### DIRECTIONS
Keep every word of the listing and reproduce it exactly, but set aside any image found there.

### DATA SEGMENT
* * * * *

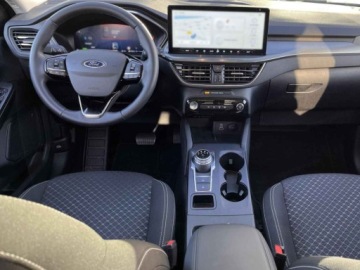 Ford Kuga III SUV Facelifting 1.5 EcoBoost 186KM 2025 Od ręki - Titanium 1.5 EcoBoost 186KM / Pakiet Winter, Driver Assistance, zdjęcie 6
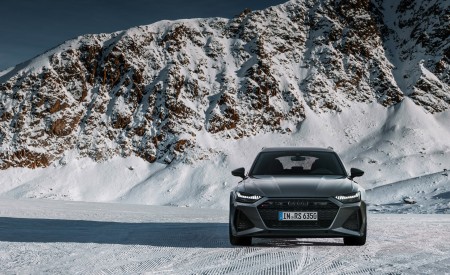 2023 Audi RS6 Avant Performance (Color: Nimbus Grey in Pearl Effect) Front Wallpapers 450x275 (24)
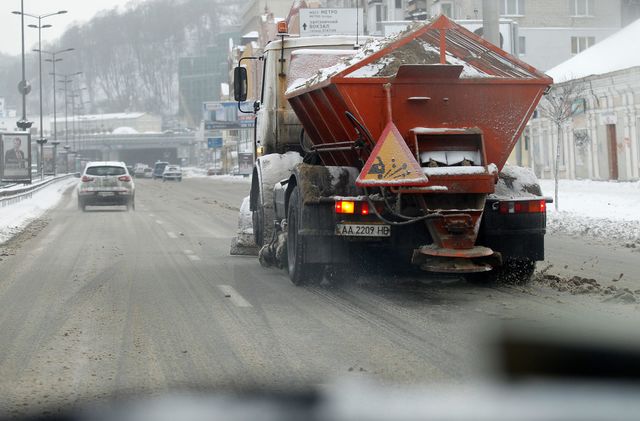 Расчистка дорог от снега. Фото пресс-службы КГГА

* * * * *

### WRITTEN SOLUTION
 Ford Kuga III SUV Facelifting 1.5 EcoBoost 186KM 2025 Od ręki - Titanium 1.5 EcoBoost 186KM / Pakiet Winter, Driver Assistance, zdjęcie 6
 2023 Audi RS6 Avant Performance (Color: Nimbus Grey in Pearl Effect) Front Wallpapers 450x275 (24)
 Расчистка дорог от снега. Фото пресс-службы КГГА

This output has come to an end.